Which is where Yma Sumac comes in. Baxter, Denny, and others were dealing in a sort of generic and vague exoticism, but this striking woman from Peru with the otherworldly voice was the real deal! Soon Baxter was doing arranging for her, and she captured the country. Purveyors of tiki culture couldn’t believe their good fortune.
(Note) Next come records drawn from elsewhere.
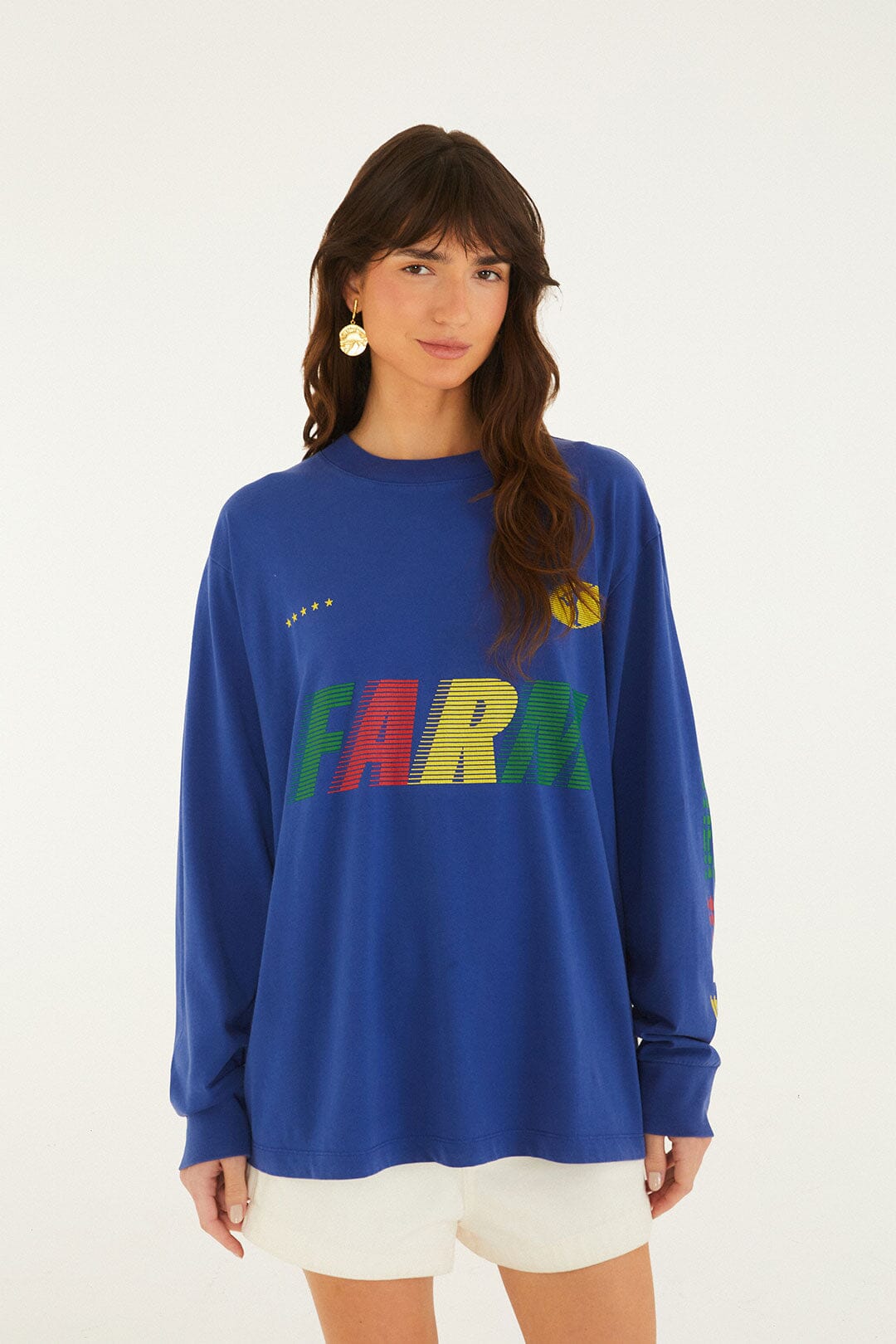 FARM Rio Shop Blue Together We Play Long Sleeve T-Shirt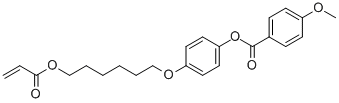 4-METHOXYBENZOIC ACID 4-(6-ACRYLOYLOXY-HEXYLOXY)PHENYL ESTER CAS#: 130953-14-9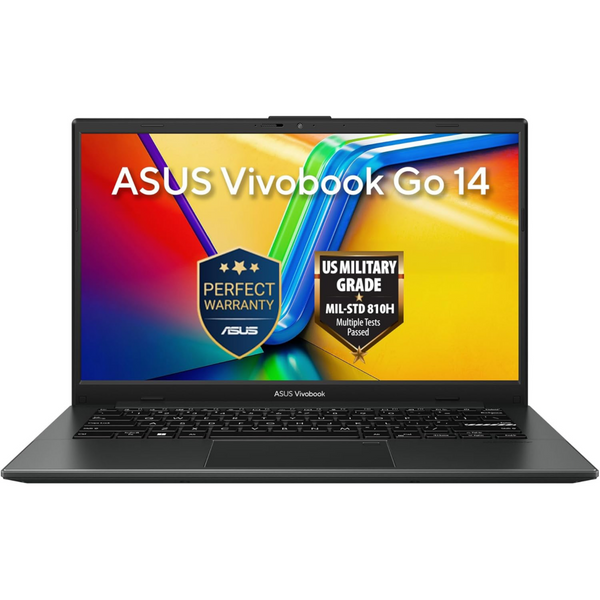 ASUS | Vivobook Go 14 14" FHD 1920 x 1080 IPS-level Panel 60Hz AMD Ryzen 5 40 Processor 2.8GHz AMD Radeon Graphics 8GB Ram 512GB M.2 NVMe PCIe 3.0 SSD Windows 11 Home Black R5MBES | MASITNE140603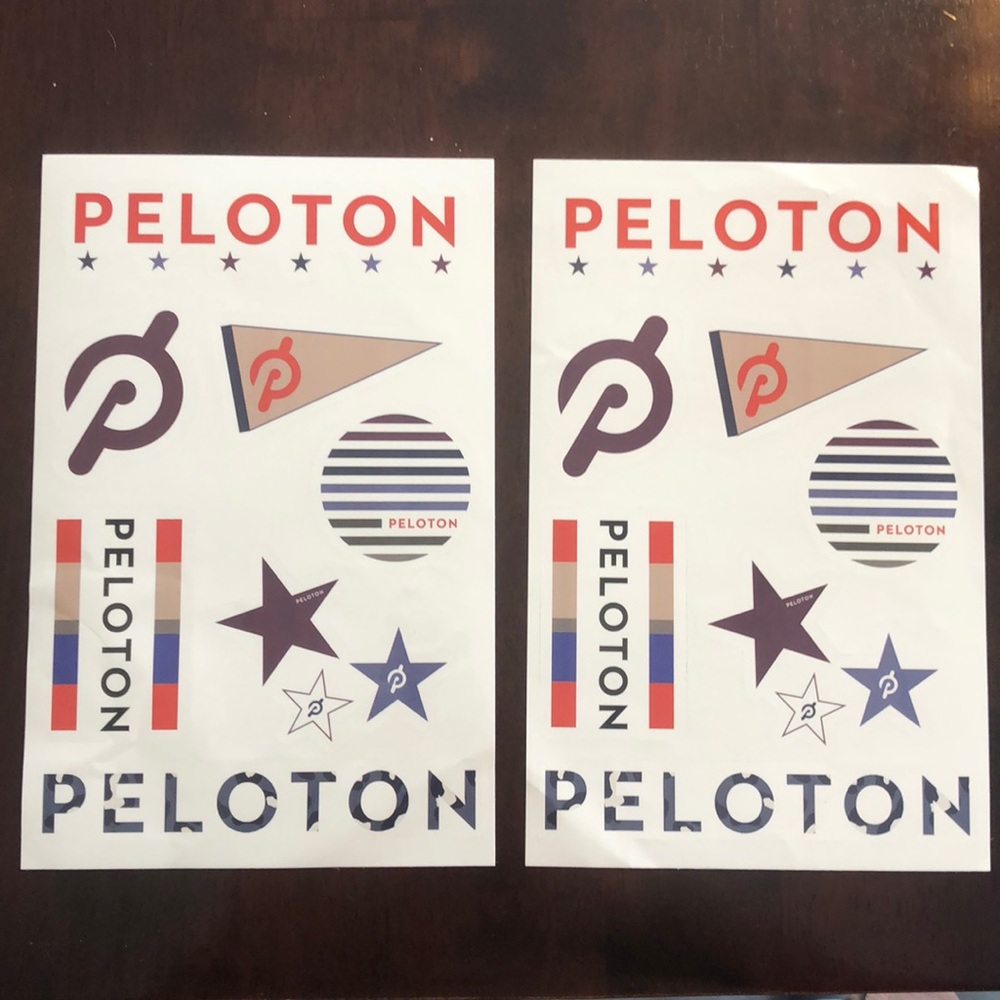 Peloton stickers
She starred in a mercifully short-lived Broadway musical (Flahooley). She appeared in movies with Charlton Heston (Secret of the Incas), Cornell Wilde (Omar Khayyam) and other macho stars. She headlined in Vegas. She toured worldwide.

Gradually tiki culture subsided and so did her career. She became a cult figure, her name something for Trivial Pursuit. Mentioning that name to anyone under forty will likely result in a resounding silence and a puzzled stare. Rest in peace, Yma Sumac.

*One bizarre story—long discredited, if it could ever have been seriously credited—was that she was actually one “Amy Camus,” a housewife from Brooklyn, “Amy Camus” being “Yma Sumac” spelled backwards.